Blogger Sheila Siler said...

I think my Kindle and my Nook have definitely made a difference in my buying habits. It's too easy to download free books to try new authors.

4:44 AM  
Blogger Monette@MCSquaredonline.com said...

This is why I have avoided e-readers. Not that I don't get the appeal, but because I am so in love with the feel of a book in my hand, I can't imagine a world without them. I feel a (probably overzealous) sense of responsibility to do my part to keep printed books alive, so I buy lots—probably 100 last year. I stash them in different spots—my car, my yoga room, my bathroom, my nightstand, etc. At any given time, I may be in the midst of reading a dozen or so books. When they are read, they are shelved in my library where the sight of them continues to make me happy.

Thanks for posing the question. I look forward to seeing how other writers buy their books!

11:24 AM  
Blogger Monette@MCSquaredonline.com said...
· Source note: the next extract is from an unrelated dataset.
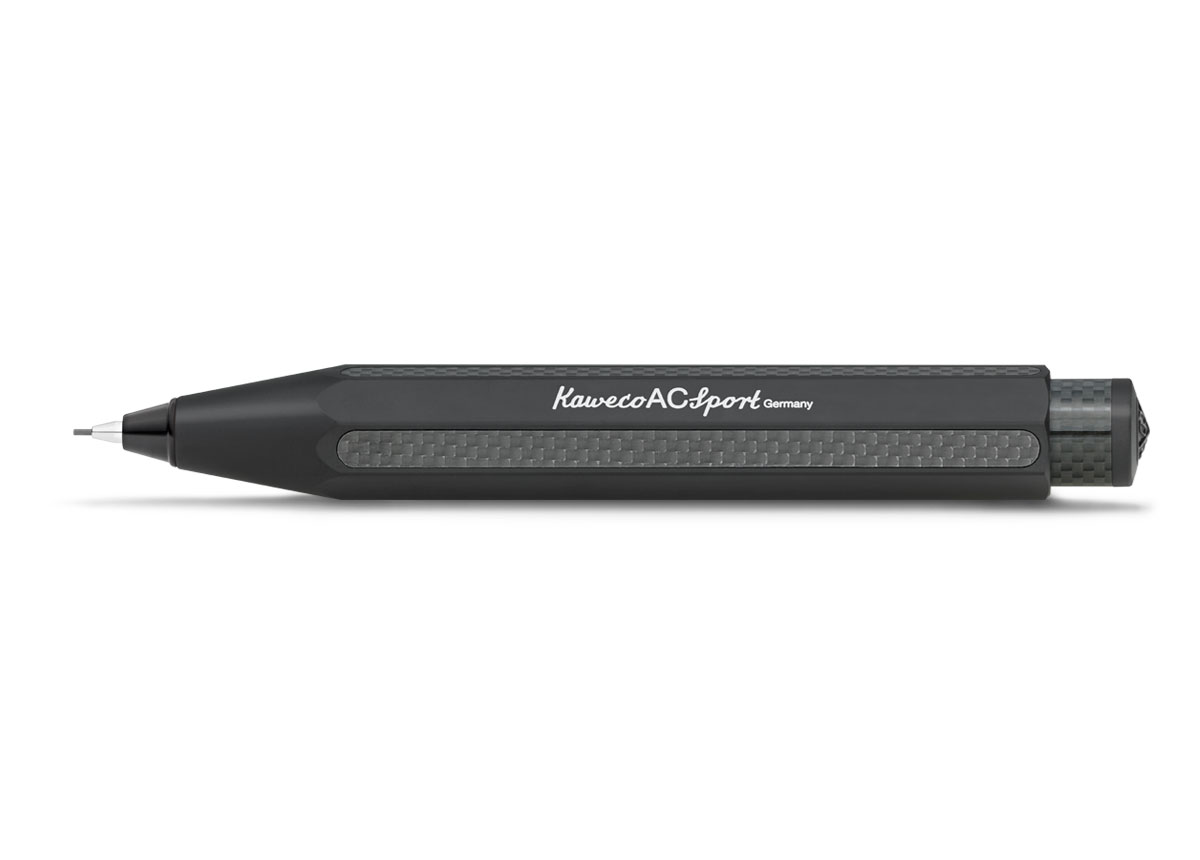 Kaweco AC Sport Druckbleistift 0,7 mm Black Elements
This is why I have avoided e-readers. Not that I don't get the appeal, but because I am so in love with the feel of a book in my hand, I can't imagine a world without them. I feel a (probably overzealous) sense of responsibility to do my part to keep printed books alive, so I buy lots—probably 100 last year. I stash them in different spots—my car, my yoga room, my bathroom, my nightstand, etc. At any given time, I may be in the midst of reading a dozen or so books. When they are read, they are shelved in my library where the sight of them continues to make me happy.

Thanks for posing the question. I look forward to seeing how other writers buy their books!

11:25 AM  
Blogger MP said...

I so releate to what Monette said: "I am so in love with the feel of a book in my hand, I can't imagine a world without them." That said, my younger daughter really enjoys her Kindle. She loves real books too, so it hasn't dampened that passion.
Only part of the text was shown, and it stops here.